# [Instructions for the task]
In the data below, find the line with "Professio Live Stream" and output it along with every later line, exactly, but not the pictures.

# [Provided material]

Segment Open

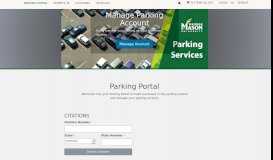 
							         George Mason University - Parking Portal								  
							    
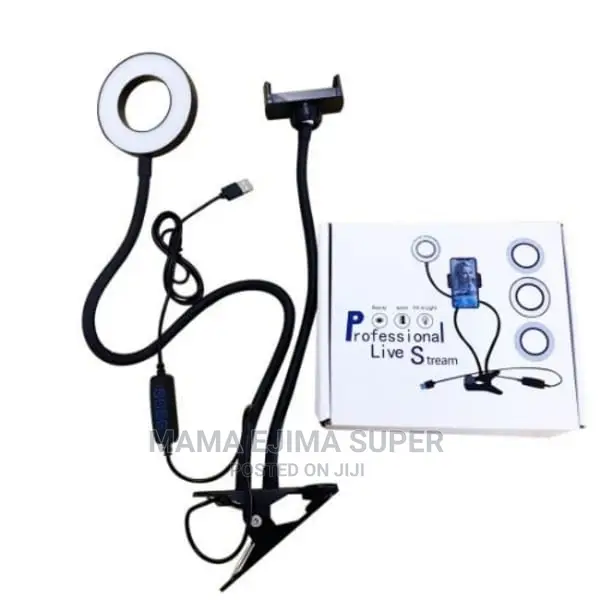 ￼
￼
￼
Professio Live Stream Ring Light Withtripod Stand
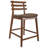 Hartz Solid Wood Counter Stools – Set of 2 Upholstered Fabric Seat & Open Back, Mid‑Century Modern-1692401145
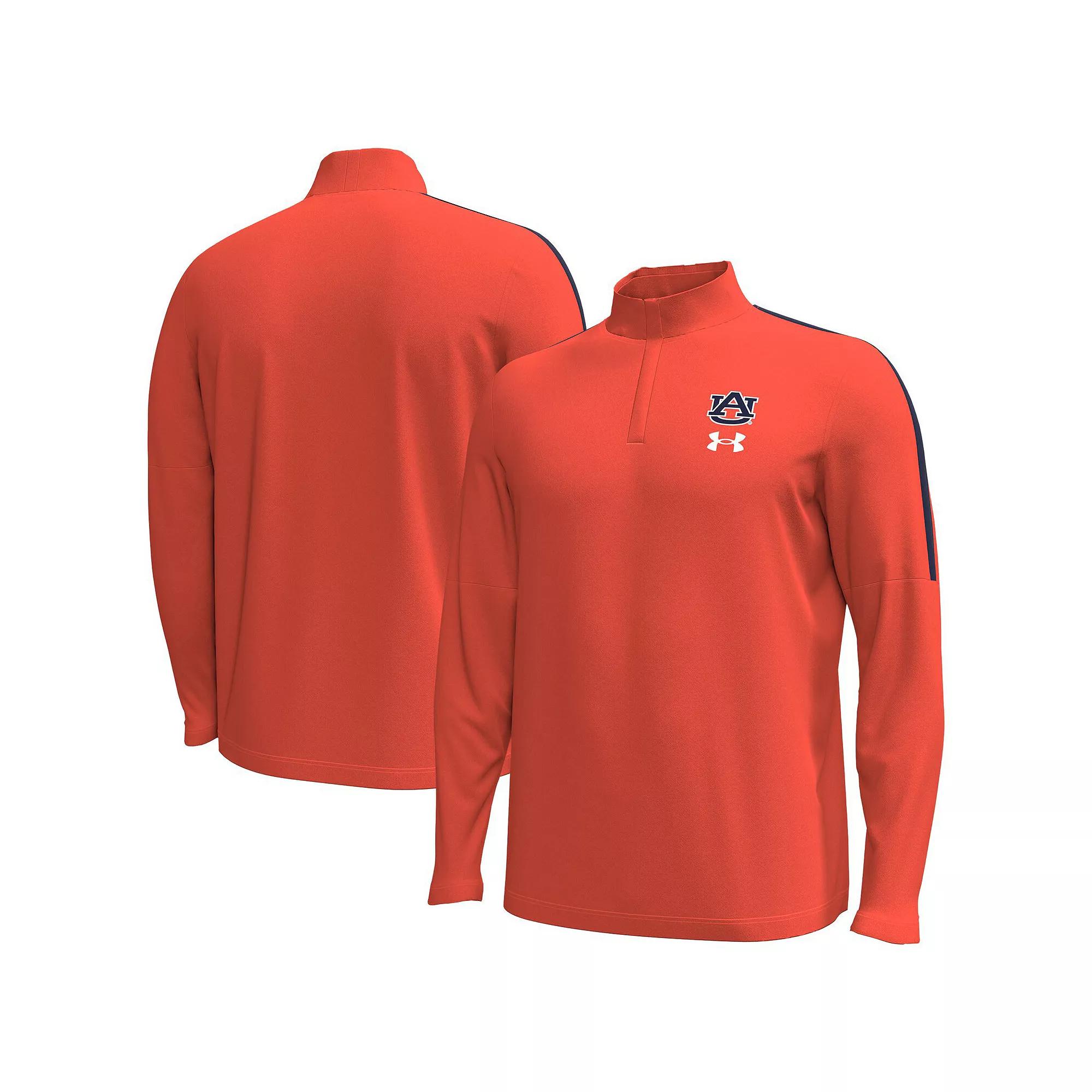 Men's Under Armour Orange Auburn Tigers Playoff Performance Quarter-Zip Jacket,  Product Image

Segment Closed

# [Finished exercise]
Professio Live Stream Ring Light Withtripod Stand
 Hartz Solid Wood Counter Stools – Set of 2 Upholstered Fabric Seat & Open Back, Mid‑Century Modern-1692401145
 Men's Under Armour Orange Auburn Tigers Playoff Performance Quarter-Zip Jacket,  Product Image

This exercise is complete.